Last night Claudia, the chef who owns the restaurant where I work, cooked a huge paella on a fire pit in her backyard. It was the best paella I’ve ever had in my life- not dry, not greasy, not overcooked, just fragrant with saffron and perfect.

My friend Liddy and I got massages before going to the party and got there kind of late. In case I haven’t mentioned it before, one of the best things about LA is how easy it is to get a really great $50 massage on a moments notice. We felt brand new as we walked up the hill to the party. My sister met us there. Claudia’s house is almost like a tree house. The place was buzzing with people- outside on the deck, in the living room watching Hable con Ella, chatting around the dinner table, washing dishes, drinking in the yard or simply sitting around the fire waiting for the second batch of paella. A little boy ran around with a toy rifle wearing a magician’s hat. Liddy poured glasses of pink bubbly. We took in the view, the yard with its chicken coop in one corner and the plum and orange trees. We gobbled fork-fulls of rice, chorizo, and seafood, and talked to our friends high above Glendale Blvd. overlooking the reservoir with the observatory at a distance. It was the kind of night that makes you fall in love with LA and makes you think twice about moving away.

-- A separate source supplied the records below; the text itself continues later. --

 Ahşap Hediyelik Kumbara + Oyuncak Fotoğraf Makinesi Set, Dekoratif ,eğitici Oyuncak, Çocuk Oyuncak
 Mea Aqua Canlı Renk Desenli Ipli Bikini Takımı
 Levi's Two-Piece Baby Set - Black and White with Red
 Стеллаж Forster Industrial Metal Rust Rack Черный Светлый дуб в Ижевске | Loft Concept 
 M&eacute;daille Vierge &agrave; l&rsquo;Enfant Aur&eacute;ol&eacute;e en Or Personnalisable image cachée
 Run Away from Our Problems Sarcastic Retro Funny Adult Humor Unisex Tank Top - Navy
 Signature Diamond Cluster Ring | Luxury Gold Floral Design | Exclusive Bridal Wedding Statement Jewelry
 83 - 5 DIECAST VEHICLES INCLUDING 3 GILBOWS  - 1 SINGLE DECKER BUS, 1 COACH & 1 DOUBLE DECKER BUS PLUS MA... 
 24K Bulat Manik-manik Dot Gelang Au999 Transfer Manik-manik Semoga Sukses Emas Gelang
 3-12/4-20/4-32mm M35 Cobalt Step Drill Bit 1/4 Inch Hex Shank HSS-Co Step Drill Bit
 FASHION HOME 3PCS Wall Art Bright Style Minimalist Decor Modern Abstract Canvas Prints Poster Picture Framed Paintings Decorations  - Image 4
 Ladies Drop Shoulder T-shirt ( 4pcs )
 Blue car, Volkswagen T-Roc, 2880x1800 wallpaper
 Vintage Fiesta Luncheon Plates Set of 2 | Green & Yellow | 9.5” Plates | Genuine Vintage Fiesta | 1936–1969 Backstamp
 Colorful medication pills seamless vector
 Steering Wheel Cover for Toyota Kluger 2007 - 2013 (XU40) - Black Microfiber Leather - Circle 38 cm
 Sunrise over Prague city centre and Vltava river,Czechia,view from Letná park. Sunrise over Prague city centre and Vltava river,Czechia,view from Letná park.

On the drive home I felt a little sad. Claudia, Liddy and I had been talking about dating, about wanting a summer full of sex. Claudia asked me if I had seen Leo lately. And I said what I always say we email but I can’t see him. It’s too hard. I feel like I saved myself from a lifetime of conflict and sorrow but that doesn’t make it any easier. That doesn’t make me love him less. I’m just not in love with him anymore. I’m not really angry at him anymore but when missing him sticks its claws in me it’s really hard to shake it off.